Mysql – Replication stops with GTID_NEXT error after creation/drop of memory table in thesql5.6

gtidmemory-optimized-tablesmysql-5.6replicationupgrade

We have recently upgraded to mysql5.6.25 from mysql5.5.x/mysql5.1.x on our mysql-cluster.
Below is a brief snapshot of our architecture.
enter image description here

Since we have upgraded and enabled gtid-mode we have been intermittently getting slave errors similar to :

Last_SQL_Error: Error 'When @@SESSION.GTID_NEXT is set to a GTID, you must explicitly set it to a different value after a COMMIT or ROLLBACK. Please check GTID_NEXT variable manual page for detailed explanation. Current @@SESSION.GTID_NEXT is 'd7e8990d-3a9e-11e5-8bc7-22000aa63d47:1466'.' on query. Default database: 'adplatform'. Query: 'create table X_new like X'

Our observations are as below..

  • These slave errors are resolved simply by restarting the slave.
  • Such errors are always with Create/Drop of tables which have Memory Storage Engine.
  • Errors on Complete-Slave(B) show up continuously at a fixed minute (39th) of the hour and have been repeating since we have upgraded, almost a week.
  • Errors on Complete-Slave as well as Partial slave are observed whenever its master is restarted.
  • Cluster-1 and Cluster-2 have centos machines and Cluster-3 have ubuntu-machines.

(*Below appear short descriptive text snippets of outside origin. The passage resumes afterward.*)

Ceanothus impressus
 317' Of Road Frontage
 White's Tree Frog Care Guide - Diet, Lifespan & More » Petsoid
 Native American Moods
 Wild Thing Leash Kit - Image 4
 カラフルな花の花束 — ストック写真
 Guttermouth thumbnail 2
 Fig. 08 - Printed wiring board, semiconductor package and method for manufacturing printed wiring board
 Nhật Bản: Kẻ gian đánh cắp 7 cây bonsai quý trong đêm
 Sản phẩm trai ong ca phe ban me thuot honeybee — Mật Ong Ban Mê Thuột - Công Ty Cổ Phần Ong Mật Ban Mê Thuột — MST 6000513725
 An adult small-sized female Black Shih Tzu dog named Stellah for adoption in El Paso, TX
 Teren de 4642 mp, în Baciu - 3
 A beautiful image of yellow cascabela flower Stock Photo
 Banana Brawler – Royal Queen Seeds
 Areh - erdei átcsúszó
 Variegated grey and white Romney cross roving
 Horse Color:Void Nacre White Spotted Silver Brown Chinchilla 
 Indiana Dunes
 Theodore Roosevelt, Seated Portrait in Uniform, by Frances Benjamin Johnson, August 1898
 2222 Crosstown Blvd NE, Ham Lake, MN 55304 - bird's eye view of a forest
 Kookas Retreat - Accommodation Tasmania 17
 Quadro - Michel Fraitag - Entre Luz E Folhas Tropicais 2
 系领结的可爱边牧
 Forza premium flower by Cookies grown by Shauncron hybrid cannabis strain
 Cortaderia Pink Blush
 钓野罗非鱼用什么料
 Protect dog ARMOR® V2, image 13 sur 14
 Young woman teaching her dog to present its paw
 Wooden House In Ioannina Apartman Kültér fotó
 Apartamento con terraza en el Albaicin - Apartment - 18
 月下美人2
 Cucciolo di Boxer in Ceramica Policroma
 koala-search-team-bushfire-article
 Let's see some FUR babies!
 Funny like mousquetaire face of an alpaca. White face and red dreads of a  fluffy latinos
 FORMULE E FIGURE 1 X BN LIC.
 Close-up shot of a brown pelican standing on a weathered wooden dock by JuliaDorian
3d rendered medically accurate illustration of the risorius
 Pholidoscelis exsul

Slaves on centos machines also fail with the same error whenever its master(C/D) is restarted, but slave on ubuntu machines do not fail!!.

We have temporarily been able to live with this issue by setting up an action-script on our monitoring system which fires on slave error alert on any machine.

A look into gtid_next section in replication-options doc of mysql tells following

Prior to MySQL 5.6.20, when GTIDs were enabled but gtid_next was not
AUTOMATIC, DROP TABLE did not work correctly when used on a
combination of nontemporary tables with temporary tables, or of
temporary tables using transactional storage engines with temporary
tables using nontransactional storage engines. In MySQL 5.6.20 and
later, DROP TABLE or DROP TEMPORARY TABLE fails with an explicit error
when used with either of these combinations of tables. (Bug #17620053)

This seems related to my issue but still doesn't not explain my scenario.
Any hints/direction to solve the issue would be greatly appreciated…

EDIT :
I managed to find a similar recently reported bug in mysql(#77729), description of which is as follows :

https://bugs.mysql.com/bug.php?id=77729

When you have table with Engine MEMORY working on replication master,
mysqld injects "DELETE" statement in binary logs on first access query
to this table. This insures consistency of data on replicating slaves.

If replication is GTID ROW based, this inserted "DELETE" breaks
replication. Logged event is in STATEMENT format and do not generate
correct SET GTID_NEXT statements in binary log.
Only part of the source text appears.